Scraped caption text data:
────────────────────────────────────────

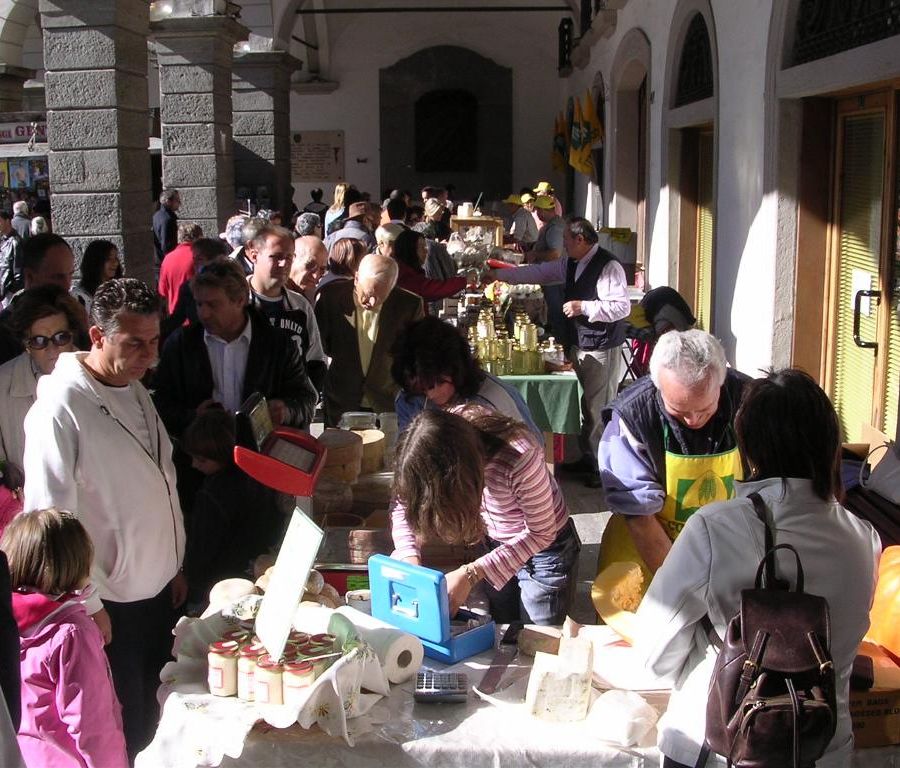 Lungo i portici del Municipio sono diverse le manifestazioni ludico-commerciali organizzate da artigiani e commercianti (foto d'archivio)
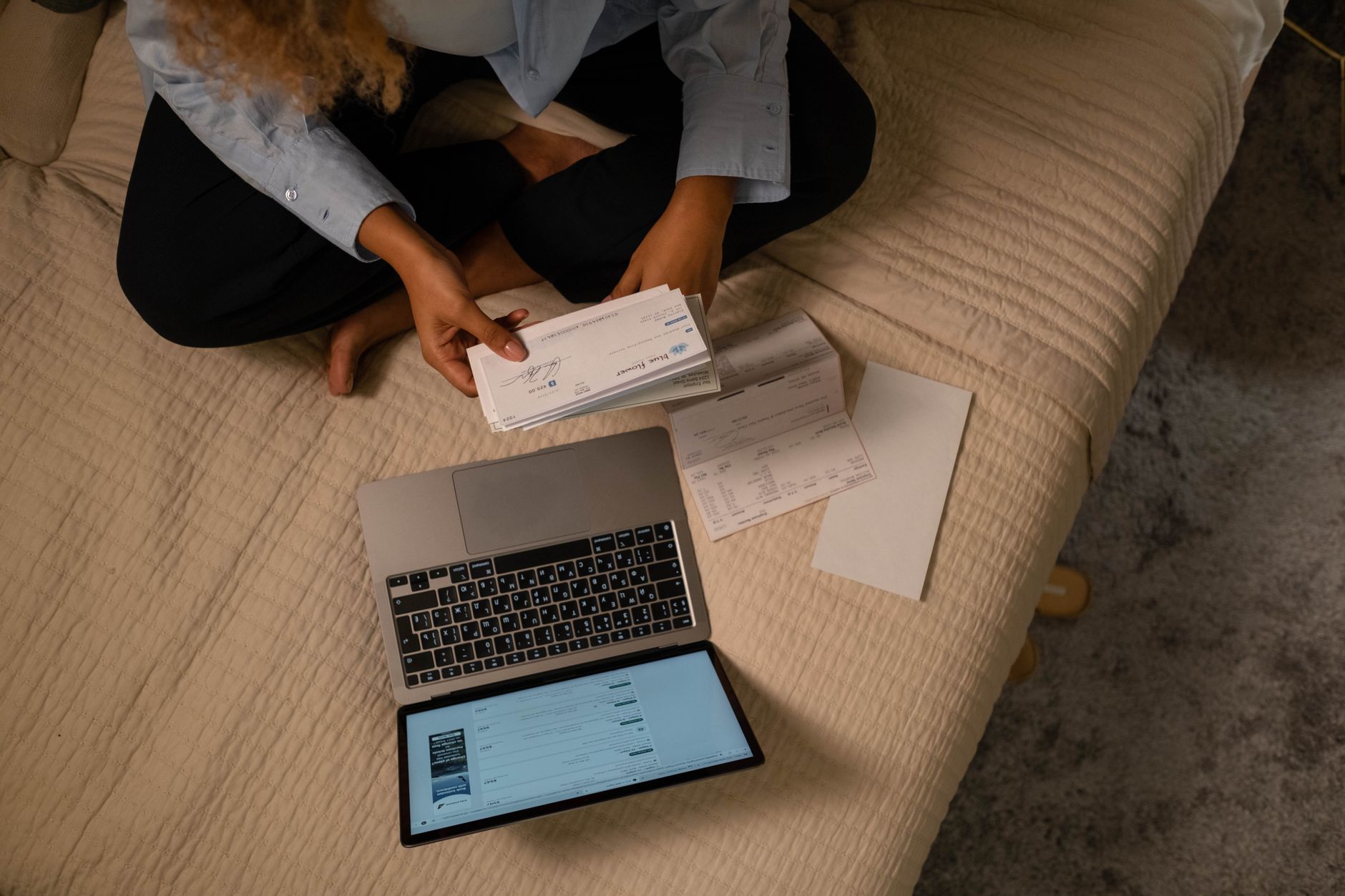 Managing Debt-to-Income Before Applying Online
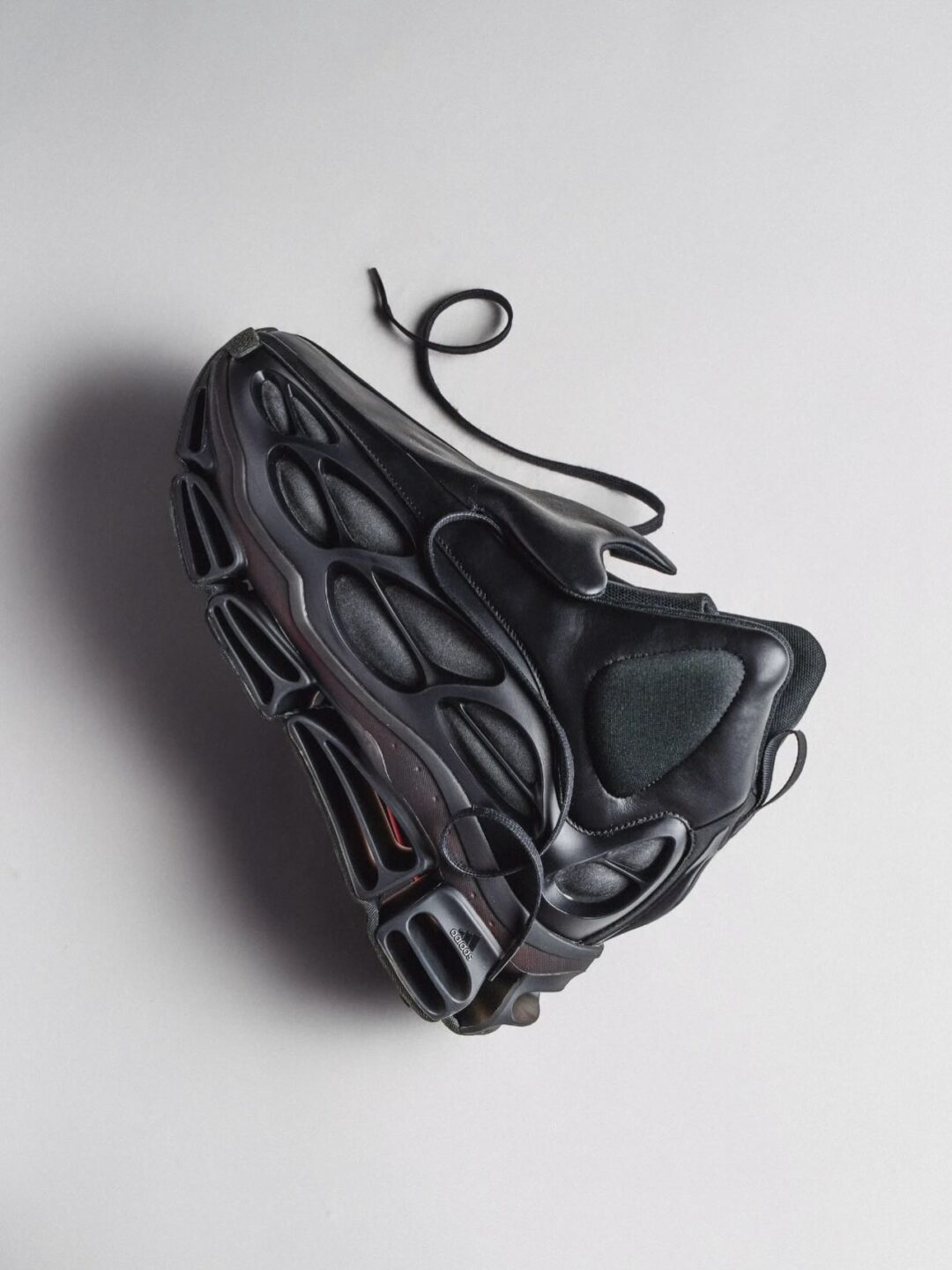 【2026年 10/3 発売】Willy Chavarria × adidas Originals 2026 FW MEGARIDE “Core Black/Halo Green” (ウィリーチャバリア アディダス オリジナルス メガライド “ブラック/ハローグリーン”) [KJ2033/KJ2034/LA6162]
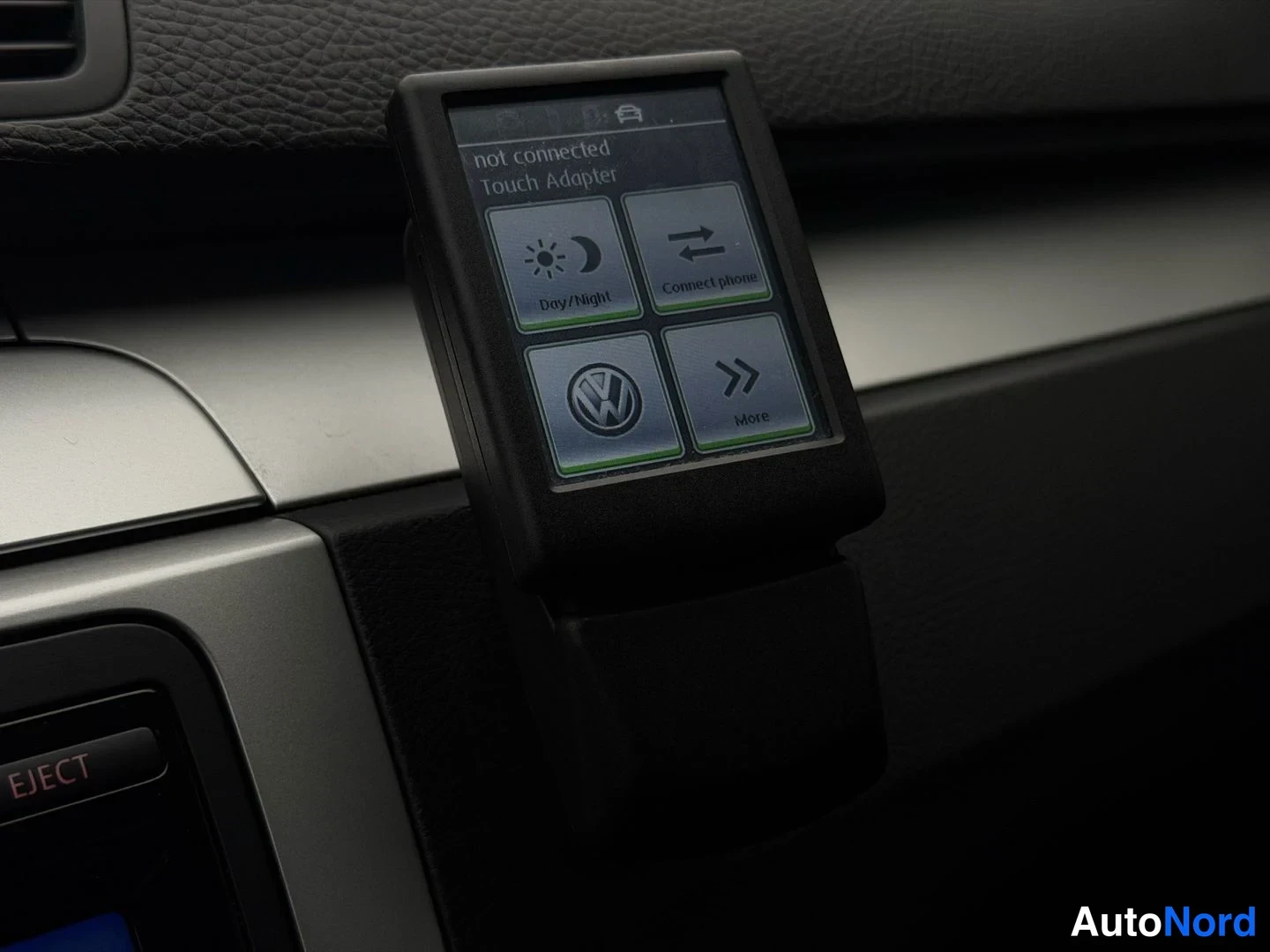 Black Volkswagen Passat Variant 2010, detail, photo 20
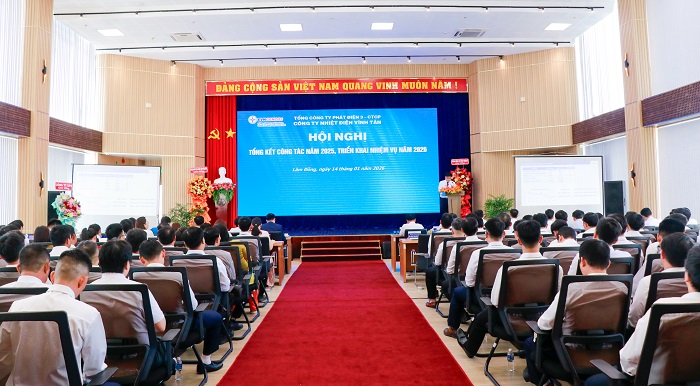 Ông Văng Thanh Hùng - Phó Giám đốc, Chủ tịch Công đoàn Công ty báo cáo tại Hội nghị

────────────────────────────────────────

DIRECTIONS:
Pictures should be omitted. Please return exactly the lines from the line that holds "Managing Debt-to-Income Before" through the end of the records.

ANSWER FOR THE TASK:
 Managing Debt-to-Income Before Applying Online
 【2026年 10/3 発売】Willy Chavarria × adidas Originals 2026 FW MEGARIDE “Core Black/Halo Green” (ウィリーチャバリア アディダス オリジナルス メガライド “ブラック/ハローグリーン”) [KJ2033/KJ2034/LA6162]
 Black Volkswagen Passat Variant 2010, detail, photo 20
 Ông Văng Thanh Hùng - Phó Giám đốc, Chủ tịch Công đoàn Công ty báo cáo tại Hội nghị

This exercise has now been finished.